Abstract
Background
Infections are a major cause of morbidity and mortality in patients with hematologic malignancies. However, largely due to the rarity of Waldenström’s macroglobulinemia (WM)/lymphoplasmacytic lymphoma (LPL), the literature on infectious morbidity is limited. Using population-based data from Sweden, we estimated the risk of bacterial and viral infections among 2,608 LPL/WM patients compared to 10,433 matched controls.
Patients and Methods
We identified all WM/LPL patients diagnosed 1980-2005 in the nationwide Swedish Cancer and Patient Registries, as well as a national network database including all major hematology/oncology centers; duplicate records were removed. Follow-up time was up to 2006. For each WM/LPL patient, four population-based controls (matched by age, sex, and county of residence) were identified randomly from the Swedish population database. Information on type of infection and date of infection was obtained from the Patient Registry which captures information on all individual patient-based discharge diagnosis from inpatient (since 1964) and outpatient care (since 2000).
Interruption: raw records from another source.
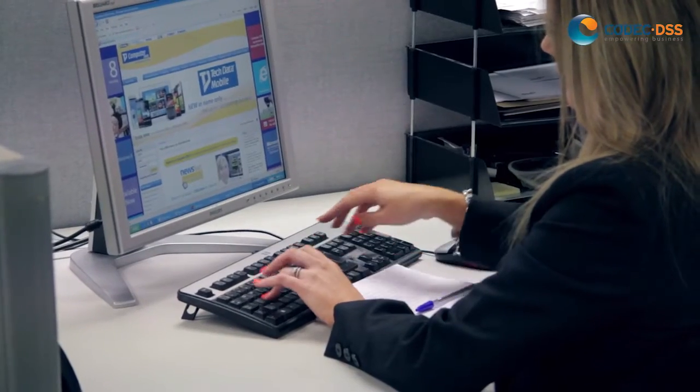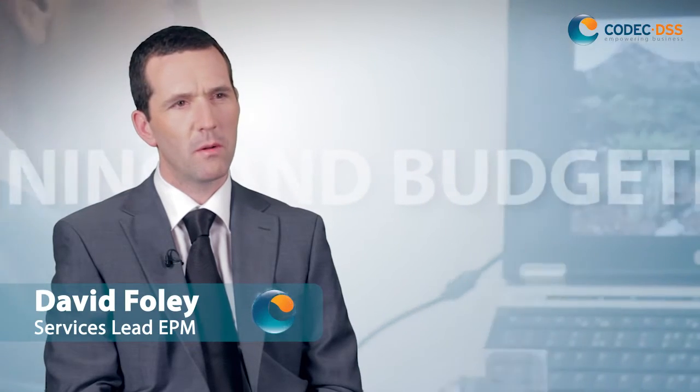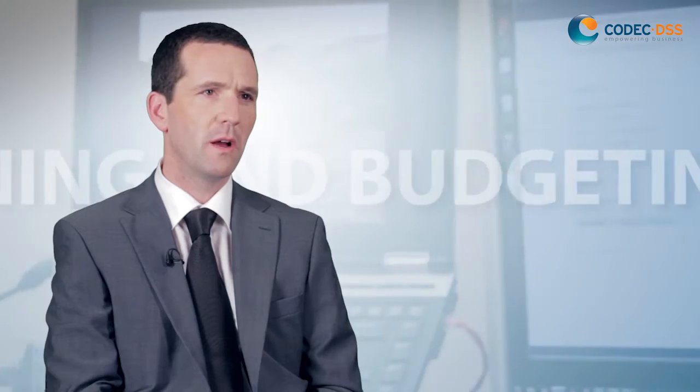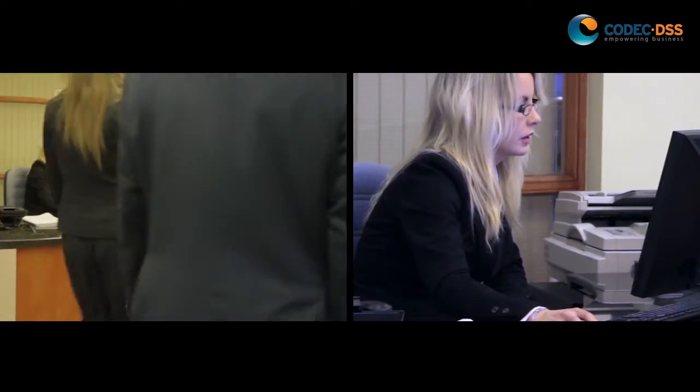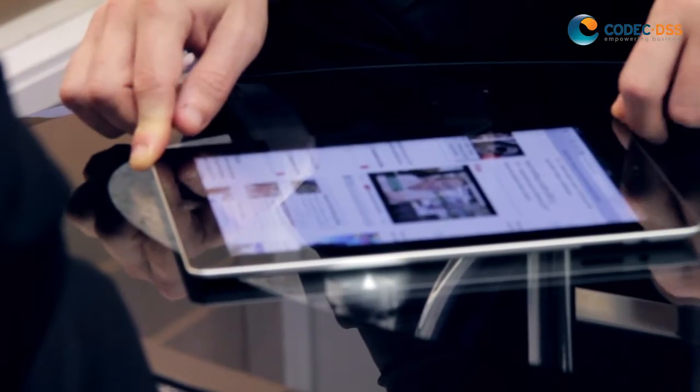Here at Kodak DSS, we specialize in delivering effective, flexible and powerful planning and budgeting solutions, which include payroll, capex, long-term forecasting, and operational and financial planning. We have multiple clients using the different areas within the planning and budgeting systems.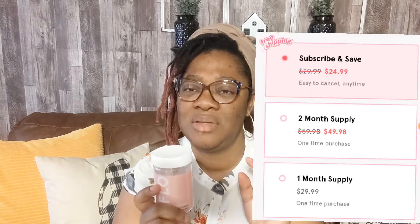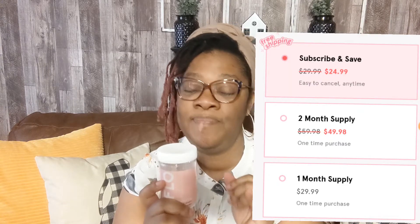You have a choice to order three different ways. You can do a subscription, which is the cheapest. You can buy two bottles at a time — I think it's like $50-54, I'll put the correct amount on screen — that's a two-month supply. Or you can buy just one bottle with no subscription, which is $29.99, plus you have to pay shipping. With the subscription, shipping is free. I decided to just buy one bottle to try them out first.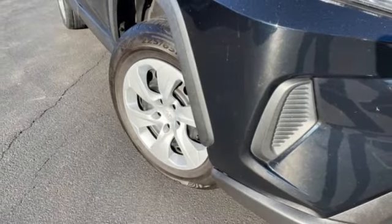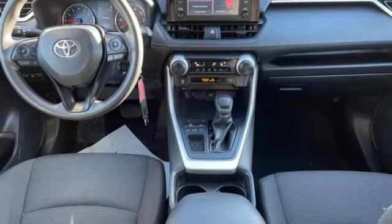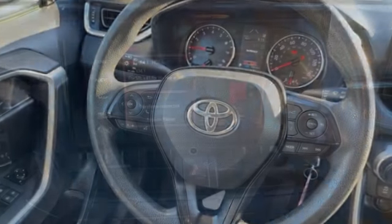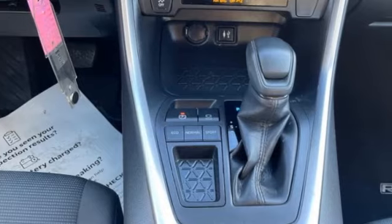This vehicle has less than 75,000 miles. Here are some of this vehicle's great options: tire pressure monitor, rear spoiler, brake assist, stability control, daytime running lights, wheel covers, privacy glass, front wheel drive, four-wheel disc brakes, steel wheels.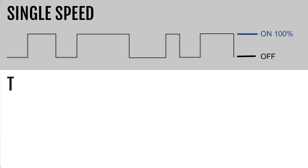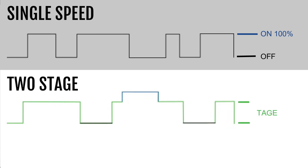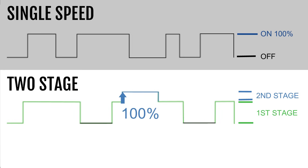Next, we have a two-stage system. The way it operates is the first stage runs around 70% of its capacity, and the second stage operates at 100% capacity. When a two-stage system first turns on, it turns on at the first stage — 70% capacity — until it can no longer keep up. Then it bumps up to the second stage at 100% capacity to help get the temperatures back in line. Then it lowers back down to 70% until the house is completely satisfied, and then it turns off. Because of this, it makes the on-off cycle longer than what you would see in a single stage system.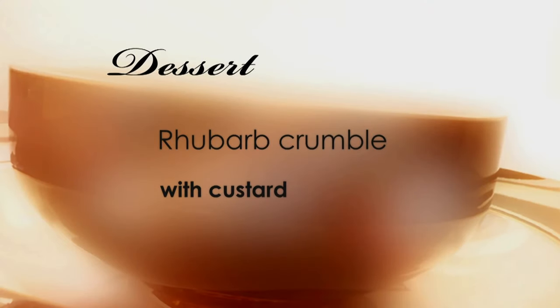On to dessert. Rhubarb crumble with custard. Second night of having crumble. What's wrong with these people? This is definitely a crumble-off, I'd say. This is battle of the crumbles.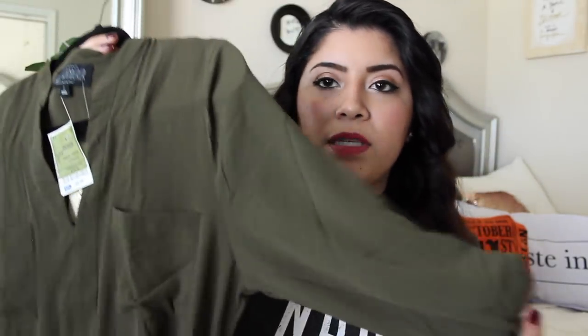I forgot about these clothing items hanging behind me. This one is an olive green tunic with a belt. I'm thinking about wearing it with black jeans and brown high boots. It's in a woven chiffon material with two pockets and was only $8.99. I'm not sure if I'll keep it but it was cheap and cute enough.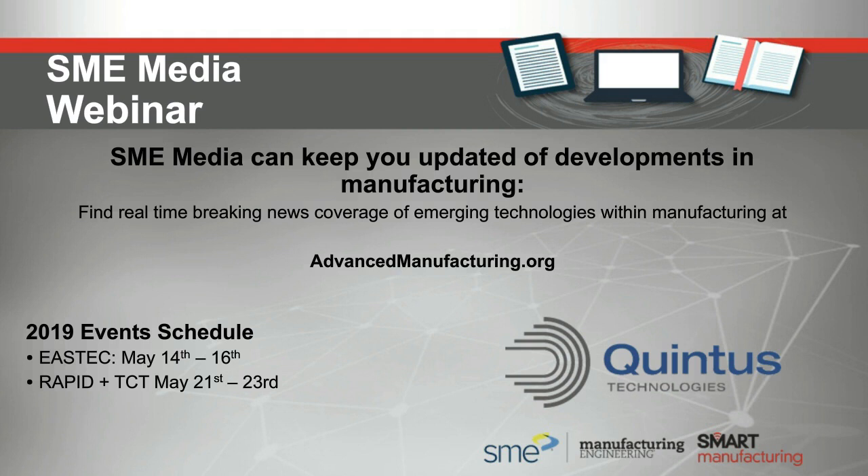Additive manufacturing is evolving at a rapid pace. SME Media has many ways to put you in touch with the latest developments. The May issue of Manufacturing Engineering magazine features two feature articles on additive manufacturing, including a state of the industry report by leading experts at Wohler's Associates, who will also be at Rapid. We encourage you to attend Rapid+TCT, the leading additive manufacturing exposition in North America, held May 20th to 23rd at the Cobo Center in Detroit. Thanks again everyone for joining us on this SME Media webinar - we hope you found it informative.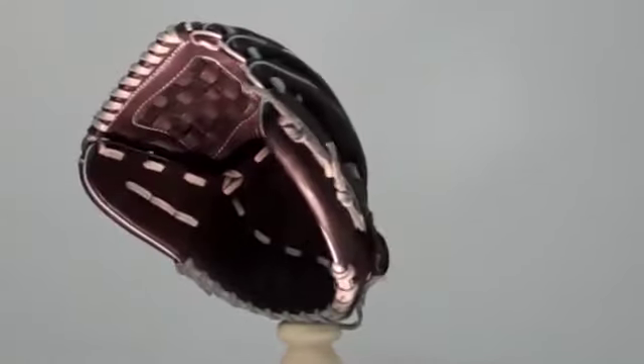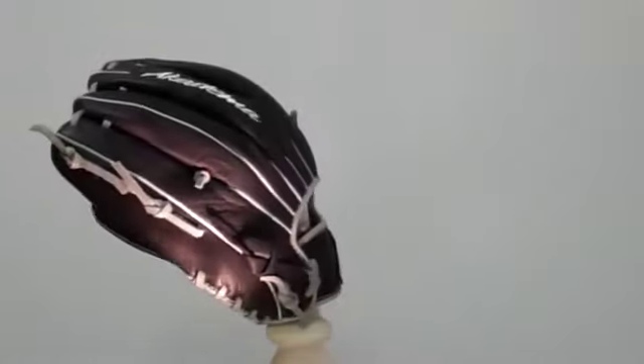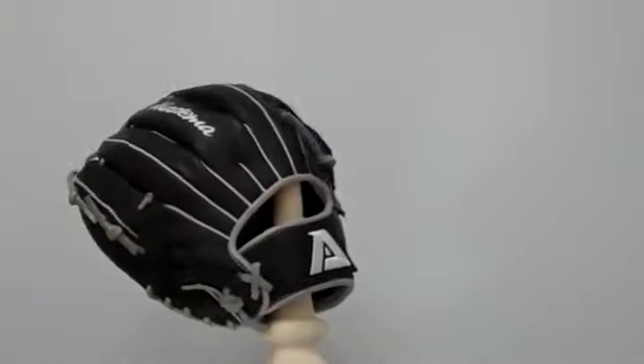It has a beehive web, an open back, and a deep pocket. Designed for right or left handed throwers.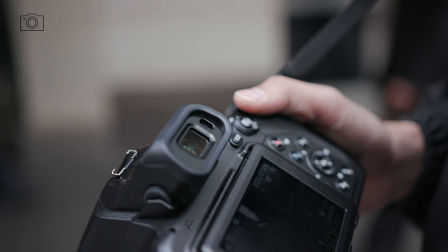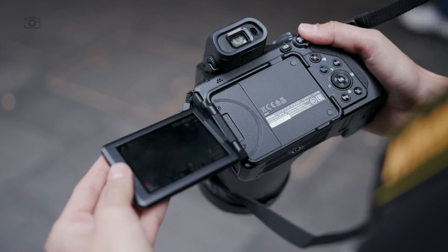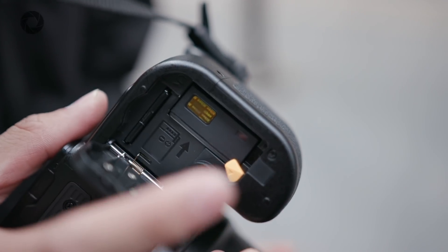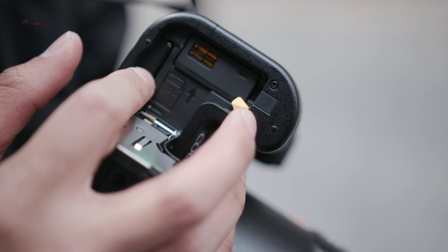On top, you've got a brand new upgraded 2.3 million dot EVF, which looks fantastic — definitely a big step up from the P900's EVF. At the back, you've got the same 3.2 inch tilt touchscreen. At the bottom, you've got an EN-EL20 battery as well as an SD card slot.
Through linkage to the nationwide Cause of Death Registry, we identified dates of death for WM/LPL patients and controls. Cox proportional hazard models were used to estimate the overall risk of infections. Models were adjusted for sex, age, and calendar period. Hazard ratios (HRs) and 95% confidence intervals (CIs) were calculated for individual infections.
Results
Overall, WM/LPL patients had a 3.4-fold (95% CI=3.1-3.6) elevated risk of developing any infection than controls (Figure). Compared to controls, the risk of developing bacterial and viral infections was 3.2-fold (95%; CI=2.9-3.5) and 6.0-fold (95% CI=4.9-7.3) higher, respectively. More specifically, WM/LPL patients had an increased risk (p<0.05) of the following types of bacterial infections: septicaemia (HR=9.3; 95% CI 3.7-23.5), endocarditis (HR=5.0; 95% CI 2.5-10.0), pneumonia (HR=3.8; 95% CI 3.4-4.2), meningitis (HR=3.4; 95% CI 1.1-10.3), cellulitis (HR=2.6; 95% CI 2.0-3.4), osteomyelitis (HR=1.9; 95% CI 1.01-3.6), and pyelonephritis (HR=1.6; 95% CI 1.2-2.4). Regarding viral infections, WM/LPL patients had an increased risk of herpes zoster (HR=9.2; 95% CI 6.7-12.6) and influenza (HR=2.3; 95% CI 1.5-3.5). The risk of infections was highest during the first year after diagnosis. Interestingly, WM/LPL patients diagnosed in the more recent calendar periods had significantly higher risk of infections (Figure). Compared to WM/LPL patients diagnosed in 1980-1989, patients diagnosed in 1990-1999 and 2000-2004 had a 1.5-fold (95% CI=1.3-1.6) and 1.8-fold (95% CI=1.6-2.1) increased risk of any infection, respectively. The same patterns were observed when bacterial infections were analyzed separately. In analysis focusing on viral infections; there was only a significant increased risk during the most recent calendar period (p=0.027). Females had a significantly lower risk of infections compared to males (p<0.001). Increasing age was significantly associated with a higher risk of infections (p<0.001).
Discussion
In this large population-based study including over 2,600 WM/LPL patients and 10,000 matched controls, we found that bacterial and viral infections represent a major threat to WM/LPL patients. This was particularly true during the first years following diagnosis. Importantly, the risk of infections increased in more recent years. The effects on infectious complications due to novel drugs in the treatment of WM/LPL need to be better defined and trials on prophylactic measures are needed.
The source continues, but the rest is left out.